Solid oxide electrolysis cell (SOEC) is a potential technology for converting the principal greenhouse gas, carbon dioxide (CO2), into carbon monoxide (CO) by employing renewable energy. SOECs have great potential, including high‐energy efficiency, fast electrode kinetics, and competitive cost; however, this technology still has challenges in developing highly active, robust CO2 cathode electrocatalysts. In this work, we report the Ni‐doped lanthanum strontium calcium titanate (La0.20Sr0.25Ca0.45Ni0.05Ti0.95O3−δ) cathode for application as the cathode of CO2 electrolysis with gadolinia‐doped ceria (Gd0.1Ce0.9O1.95) electrolyte in SOEC. The exsolution of Ni nanoparticles is achieved by a simple in situ growth method at 800 °C. The Ni doping in LSCT significantly improved the electrochemical activity of the catalyst by increasing oxygen vacancies, and the Ni metallic nanoparticles can afford much more active sites for CO2 reduction.

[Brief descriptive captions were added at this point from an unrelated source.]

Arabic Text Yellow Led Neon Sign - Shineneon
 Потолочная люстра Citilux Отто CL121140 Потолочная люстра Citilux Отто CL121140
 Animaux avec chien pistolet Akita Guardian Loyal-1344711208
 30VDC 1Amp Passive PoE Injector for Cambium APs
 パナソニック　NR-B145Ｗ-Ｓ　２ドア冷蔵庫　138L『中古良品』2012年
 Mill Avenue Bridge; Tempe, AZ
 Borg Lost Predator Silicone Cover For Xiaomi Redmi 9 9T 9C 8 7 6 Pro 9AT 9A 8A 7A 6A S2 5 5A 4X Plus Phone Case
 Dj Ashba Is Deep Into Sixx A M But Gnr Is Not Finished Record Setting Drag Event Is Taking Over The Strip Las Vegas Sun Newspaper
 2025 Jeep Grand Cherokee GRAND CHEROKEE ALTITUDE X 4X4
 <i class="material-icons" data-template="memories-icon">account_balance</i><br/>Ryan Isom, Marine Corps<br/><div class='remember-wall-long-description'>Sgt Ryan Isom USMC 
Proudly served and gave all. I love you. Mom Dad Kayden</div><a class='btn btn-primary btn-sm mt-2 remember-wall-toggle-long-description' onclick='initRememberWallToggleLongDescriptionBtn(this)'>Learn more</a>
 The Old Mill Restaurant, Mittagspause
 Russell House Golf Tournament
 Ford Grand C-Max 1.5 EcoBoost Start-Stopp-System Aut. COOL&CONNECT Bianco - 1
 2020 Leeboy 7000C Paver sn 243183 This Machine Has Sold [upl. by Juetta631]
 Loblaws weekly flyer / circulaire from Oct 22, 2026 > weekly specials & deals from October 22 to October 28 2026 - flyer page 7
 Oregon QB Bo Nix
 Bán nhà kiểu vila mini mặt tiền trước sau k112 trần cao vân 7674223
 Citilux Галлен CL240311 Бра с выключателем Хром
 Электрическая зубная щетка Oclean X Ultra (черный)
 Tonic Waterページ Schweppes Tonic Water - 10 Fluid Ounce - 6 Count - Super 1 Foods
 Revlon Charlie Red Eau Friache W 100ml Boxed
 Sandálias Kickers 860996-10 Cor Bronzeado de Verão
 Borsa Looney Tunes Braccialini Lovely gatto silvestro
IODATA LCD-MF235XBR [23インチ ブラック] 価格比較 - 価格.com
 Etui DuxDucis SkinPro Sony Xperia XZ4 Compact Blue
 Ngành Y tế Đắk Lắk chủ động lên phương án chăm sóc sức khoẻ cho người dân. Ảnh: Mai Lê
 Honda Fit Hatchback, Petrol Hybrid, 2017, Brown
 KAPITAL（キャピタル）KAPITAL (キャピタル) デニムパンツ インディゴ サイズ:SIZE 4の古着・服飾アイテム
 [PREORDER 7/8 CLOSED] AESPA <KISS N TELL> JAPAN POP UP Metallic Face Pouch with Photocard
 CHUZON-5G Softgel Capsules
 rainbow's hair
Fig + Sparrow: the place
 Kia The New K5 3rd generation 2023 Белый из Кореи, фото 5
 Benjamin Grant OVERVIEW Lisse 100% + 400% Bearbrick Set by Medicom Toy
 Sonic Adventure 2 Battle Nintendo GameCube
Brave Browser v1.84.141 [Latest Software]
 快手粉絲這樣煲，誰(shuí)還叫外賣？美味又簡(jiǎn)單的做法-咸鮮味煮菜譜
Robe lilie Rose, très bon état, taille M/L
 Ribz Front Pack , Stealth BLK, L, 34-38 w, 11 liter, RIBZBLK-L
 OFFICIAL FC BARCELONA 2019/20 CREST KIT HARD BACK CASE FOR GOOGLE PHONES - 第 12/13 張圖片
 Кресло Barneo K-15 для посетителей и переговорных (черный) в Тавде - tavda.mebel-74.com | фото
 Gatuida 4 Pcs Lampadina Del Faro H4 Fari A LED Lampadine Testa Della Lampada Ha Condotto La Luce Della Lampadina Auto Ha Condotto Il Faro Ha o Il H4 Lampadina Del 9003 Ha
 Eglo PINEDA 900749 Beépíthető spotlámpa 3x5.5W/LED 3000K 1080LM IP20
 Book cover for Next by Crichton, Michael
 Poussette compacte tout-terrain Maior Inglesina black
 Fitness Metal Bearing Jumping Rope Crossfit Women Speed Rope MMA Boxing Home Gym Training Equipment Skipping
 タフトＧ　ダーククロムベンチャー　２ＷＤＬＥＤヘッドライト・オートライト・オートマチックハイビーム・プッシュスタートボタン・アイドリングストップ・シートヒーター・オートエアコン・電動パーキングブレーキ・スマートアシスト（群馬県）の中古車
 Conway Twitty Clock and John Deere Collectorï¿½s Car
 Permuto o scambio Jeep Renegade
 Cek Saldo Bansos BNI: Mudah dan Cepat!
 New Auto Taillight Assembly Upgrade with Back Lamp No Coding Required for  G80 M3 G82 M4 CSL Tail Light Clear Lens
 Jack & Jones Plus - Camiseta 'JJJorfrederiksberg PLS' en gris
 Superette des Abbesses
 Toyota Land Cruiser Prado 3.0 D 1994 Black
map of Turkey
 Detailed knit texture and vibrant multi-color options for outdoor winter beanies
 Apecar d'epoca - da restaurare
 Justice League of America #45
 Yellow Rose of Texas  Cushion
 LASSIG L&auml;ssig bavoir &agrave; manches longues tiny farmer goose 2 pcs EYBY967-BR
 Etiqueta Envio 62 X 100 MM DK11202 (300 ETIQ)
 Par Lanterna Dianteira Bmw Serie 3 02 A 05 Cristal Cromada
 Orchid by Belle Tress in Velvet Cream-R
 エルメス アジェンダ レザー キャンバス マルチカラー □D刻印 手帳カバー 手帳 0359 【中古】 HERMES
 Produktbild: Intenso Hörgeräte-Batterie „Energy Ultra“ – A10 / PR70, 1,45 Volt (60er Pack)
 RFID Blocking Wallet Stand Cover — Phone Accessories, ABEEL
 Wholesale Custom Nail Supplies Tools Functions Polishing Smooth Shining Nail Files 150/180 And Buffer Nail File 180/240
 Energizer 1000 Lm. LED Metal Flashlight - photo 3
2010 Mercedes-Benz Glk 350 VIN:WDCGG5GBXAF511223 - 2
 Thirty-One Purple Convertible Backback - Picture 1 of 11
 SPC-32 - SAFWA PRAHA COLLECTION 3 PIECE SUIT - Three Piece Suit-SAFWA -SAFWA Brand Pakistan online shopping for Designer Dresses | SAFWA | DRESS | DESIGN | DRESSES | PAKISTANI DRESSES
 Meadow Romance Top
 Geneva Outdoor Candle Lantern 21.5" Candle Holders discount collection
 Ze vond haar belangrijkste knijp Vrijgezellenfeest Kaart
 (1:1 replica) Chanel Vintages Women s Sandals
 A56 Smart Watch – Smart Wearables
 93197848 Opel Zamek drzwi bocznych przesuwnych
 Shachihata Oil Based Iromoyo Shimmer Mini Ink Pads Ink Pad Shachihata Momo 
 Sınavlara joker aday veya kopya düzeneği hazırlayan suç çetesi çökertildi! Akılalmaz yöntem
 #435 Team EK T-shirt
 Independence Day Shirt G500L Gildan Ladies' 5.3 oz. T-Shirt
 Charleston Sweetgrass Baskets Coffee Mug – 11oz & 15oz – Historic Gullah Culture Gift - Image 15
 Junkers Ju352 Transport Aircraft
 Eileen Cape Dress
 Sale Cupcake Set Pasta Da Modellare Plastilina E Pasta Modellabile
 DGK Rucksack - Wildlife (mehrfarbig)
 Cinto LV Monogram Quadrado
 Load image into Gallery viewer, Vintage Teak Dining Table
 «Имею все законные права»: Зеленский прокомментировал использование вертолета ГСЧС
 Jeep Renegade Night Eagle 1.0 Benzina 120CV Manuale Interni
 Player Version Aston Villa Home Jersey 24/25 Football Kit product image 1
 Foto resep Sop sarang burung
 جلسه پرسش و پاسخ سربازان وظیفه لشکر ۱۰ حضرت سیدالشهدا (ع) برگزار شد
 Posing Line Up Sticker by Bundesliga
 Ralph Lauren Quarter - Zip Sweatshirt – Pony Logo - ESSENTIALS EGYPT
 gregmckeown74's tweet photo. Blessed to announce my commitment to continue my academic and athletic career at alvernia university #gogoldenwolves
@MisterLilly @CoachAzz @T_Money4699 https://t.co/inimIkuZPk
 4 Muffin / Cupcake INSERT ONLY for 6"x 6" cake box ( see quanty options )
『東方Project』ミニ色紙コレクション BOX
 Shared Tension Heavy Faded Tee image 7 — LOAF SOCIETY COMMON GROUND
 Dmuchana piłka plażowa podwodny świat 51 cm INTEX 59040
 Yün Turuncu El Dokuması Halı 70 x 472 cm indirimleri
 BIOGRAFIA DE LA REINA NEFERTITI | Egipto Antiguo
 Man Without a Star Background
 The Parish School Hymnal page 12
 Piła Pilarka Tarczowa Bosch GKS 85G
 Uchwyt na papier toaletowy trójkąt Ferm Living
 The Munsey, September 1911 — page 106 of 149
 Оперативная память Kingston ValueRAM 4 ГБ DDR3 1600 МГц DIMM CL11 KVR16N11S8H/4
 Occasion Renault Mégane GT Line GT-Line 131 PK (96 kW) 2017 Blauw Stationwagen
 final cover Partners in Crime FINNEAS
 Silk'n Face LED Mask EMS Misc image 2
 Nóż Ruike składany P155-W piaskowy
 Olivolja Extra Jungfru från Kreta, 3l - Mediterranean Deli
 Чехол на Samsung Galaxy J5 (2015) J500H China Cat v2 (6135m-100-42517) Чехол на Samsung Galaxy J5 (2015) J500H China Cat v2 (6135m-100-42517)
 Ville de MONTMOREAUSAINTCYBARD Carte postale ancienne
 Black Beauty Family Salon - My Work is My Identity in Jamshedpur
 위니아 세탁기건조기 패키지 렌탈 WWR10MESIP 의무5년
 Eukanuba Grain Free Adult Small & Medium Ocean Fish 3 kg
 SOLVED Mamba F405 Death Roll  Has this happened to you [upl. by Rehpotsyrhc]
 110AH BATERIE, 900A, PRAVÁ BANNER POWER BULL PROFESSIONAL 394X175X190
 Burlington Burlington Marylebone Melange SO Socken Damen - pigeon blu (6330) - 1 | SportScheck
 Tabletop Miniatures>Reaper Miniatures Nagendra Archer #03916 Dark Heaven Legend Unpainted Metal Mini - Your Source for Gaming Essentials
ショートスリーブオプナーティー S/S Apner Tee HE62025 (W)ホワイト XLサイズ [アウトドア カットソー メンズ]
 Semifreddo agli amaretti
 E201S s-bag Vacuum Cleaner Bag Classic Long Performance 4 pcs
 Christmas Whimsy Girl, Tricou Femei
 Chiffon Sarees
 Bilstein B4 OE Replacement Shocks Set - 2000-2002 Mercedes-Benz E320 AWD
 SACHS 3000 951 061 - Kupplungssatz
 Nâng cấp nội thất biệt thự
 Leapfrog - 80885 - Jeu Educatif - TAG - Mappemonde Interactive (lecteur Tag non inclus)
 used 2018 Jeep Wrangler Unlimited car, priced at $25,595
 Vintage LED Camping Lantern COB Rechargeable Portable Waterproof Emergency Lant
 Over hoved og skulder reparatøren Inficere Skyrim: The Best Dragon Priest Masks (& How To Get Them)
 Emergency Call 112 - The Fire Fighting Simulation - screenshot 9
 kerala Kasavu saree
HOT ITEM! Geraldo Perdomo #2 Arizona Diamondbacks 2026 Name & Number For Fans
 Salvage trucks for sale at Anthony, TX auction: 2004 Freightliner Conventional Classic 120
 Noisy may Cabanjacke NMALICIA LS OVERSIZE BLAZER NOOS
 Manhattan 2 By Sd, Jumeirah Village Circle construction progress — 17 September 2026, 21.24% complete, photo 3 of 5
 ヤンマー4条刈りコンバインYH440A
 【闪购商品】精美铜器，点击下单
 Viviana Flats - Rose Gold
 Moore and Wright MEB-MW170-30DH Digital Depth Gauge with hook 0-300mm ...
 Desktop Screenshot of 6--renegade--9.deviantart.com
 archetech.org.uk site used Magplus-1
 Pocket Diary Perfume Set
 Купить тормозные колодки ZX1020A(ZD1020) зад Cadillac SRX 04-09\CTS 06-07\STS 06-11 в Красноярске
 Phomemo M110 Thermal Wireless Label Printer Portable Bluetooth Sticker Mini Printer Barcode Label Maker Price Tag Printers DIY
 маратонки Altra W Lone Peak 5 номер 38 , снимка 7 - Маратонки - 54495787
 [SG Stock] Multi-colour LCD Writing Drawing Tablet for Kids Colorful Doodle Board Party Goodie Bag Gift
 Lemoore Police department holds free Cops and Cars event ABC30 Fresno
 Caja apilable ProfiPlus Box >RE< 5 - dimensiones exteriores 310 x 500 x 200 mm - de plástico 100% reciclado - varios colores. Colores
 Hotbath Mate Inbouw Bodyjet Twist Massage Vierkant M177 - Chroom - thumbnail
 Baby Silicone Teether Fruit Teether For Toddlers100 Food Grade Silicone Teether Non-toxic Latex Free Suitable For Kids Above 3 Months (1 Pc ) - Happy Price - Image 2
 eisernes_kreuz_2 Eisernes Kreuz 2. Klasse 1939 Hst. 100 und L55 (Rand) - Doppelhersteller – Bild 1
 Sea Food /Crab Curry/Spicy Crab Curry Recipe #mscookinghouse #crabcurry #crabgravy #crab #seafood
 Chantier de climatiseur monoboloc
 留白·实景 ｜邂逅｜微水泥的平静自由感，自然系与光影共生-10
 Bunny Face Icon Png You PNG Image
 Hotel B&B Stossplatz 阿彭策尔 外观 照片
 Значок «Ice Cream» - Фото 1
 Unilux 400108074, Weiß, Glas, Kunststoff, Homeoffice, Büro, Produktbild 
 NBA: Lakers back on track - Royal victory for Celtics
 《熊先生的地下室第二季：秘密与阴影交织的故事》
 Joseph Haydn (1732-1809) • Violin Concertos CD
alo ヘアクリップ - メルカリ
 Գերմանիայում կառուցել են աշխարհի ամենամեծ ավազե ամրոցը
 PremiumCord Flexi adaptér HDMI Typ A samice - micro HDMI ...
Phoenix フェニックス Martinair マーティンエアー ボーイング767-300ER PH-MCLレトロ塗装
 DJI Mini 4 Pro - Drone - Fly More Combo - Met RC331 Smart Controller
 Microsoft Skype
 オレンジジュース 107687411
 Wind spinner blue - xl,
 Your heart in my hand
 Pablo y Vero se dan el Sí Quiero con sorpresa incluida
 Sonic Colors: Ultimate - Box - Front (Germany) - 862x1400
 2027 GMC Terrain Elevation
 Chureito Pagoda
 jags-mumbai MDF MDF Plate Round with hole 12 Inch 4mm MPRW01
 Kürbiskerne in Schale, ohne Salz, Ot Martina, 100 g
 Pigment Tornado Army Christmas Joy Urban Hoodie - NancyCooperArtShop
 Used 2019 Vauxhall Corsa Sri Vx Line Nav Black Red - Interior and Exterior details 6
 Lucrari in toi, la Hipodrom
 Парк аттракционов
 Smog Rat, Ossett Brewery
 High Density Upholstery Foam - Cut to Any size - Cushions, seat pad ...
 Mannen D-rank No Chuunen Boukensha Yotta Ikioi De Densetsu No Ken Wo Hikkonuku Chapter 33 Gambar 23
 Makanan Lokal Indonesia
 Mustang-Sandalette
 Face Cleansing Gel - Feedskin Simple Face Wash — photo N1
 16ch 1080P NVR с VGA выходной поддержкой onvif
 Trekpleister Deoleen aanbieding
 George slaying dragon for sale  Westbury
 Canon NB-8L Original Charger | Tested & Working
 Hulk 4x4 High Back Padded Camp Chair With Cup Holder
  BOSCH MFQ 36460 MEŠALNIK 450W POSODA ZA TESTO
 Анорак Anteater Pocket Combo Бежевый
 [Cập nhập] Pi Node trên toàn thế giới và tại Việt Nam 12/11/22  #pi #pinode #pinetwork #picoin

The CO2 electrolysis mechanism is studied by the distribution of relaxation time analysis of impedance spectroscopy. Ni‐LSCT renders a higher activity for electrolysis of CO2 with an exceptionally high reduction current density of 3.89 A cm−2 at 2.5 V potential applied and 800 °C temperature with GDC (Gd0.1Ce0.9O1.95) electrolyte. Ni doping is a crucial factor in controlling the electrochemical performance and catalytic activity in SOEC and GDC electrolytes, which is further helped by the high ionic conductivity.

Abstract Image

通过掺杂铈电解质的掺镍钛酸基阴极提高用于二氧化碳还原的固体氧化物电解池的电化学效率
固体氧化物电解池(SOEC)是一种利用可再生能源将主要温室气体二氧化碳(CO2)转化为一氧化碳(CO)的潜在技术。SOEC 具有巨大的潜力,包括高能效、快速电极动力学和具有竞争力的成本;然而,该技术在开发高活性、坚固的 CO2 阴极电催化剂方面仍面临挑战。在这项工作中,我们报告了掺杂镍的钛酸镧锶钙盐(La0.20Sr0.25Ca0.45Ni0.05Ti0.95O3-δ)阴极在 SOEC 中用作掺杂钆的陶瓷(Gd0.1Ce0.9O1.95)电解质的二氧化碳电解阴极。镍纳米颗粒的溶解是通过一种简单的原位生长方法在 800 °C 下实现的。通过增加氧空位,LSCT 中的掺杂镍大大提高了催化剂的电化学活性。通过阻抗光谱的弛豫时间分布分析,研究了二氧化碳的电解机理。在施加 2.5 V 电位和 800 °C 温度条件下,Ni-LSCT 与 GDC(Gd0.1Ce0.9O1.95)电解质可产生 3.89 A cm-2 的超高还原电流密度,具有更高的电解二氧化碳活性。在 SOEC 和 GDC 电解质中,掺杂镍是控制电化学性能和催化活性的关键因素,而高离子电导率则进一步促进了镍的掺杂。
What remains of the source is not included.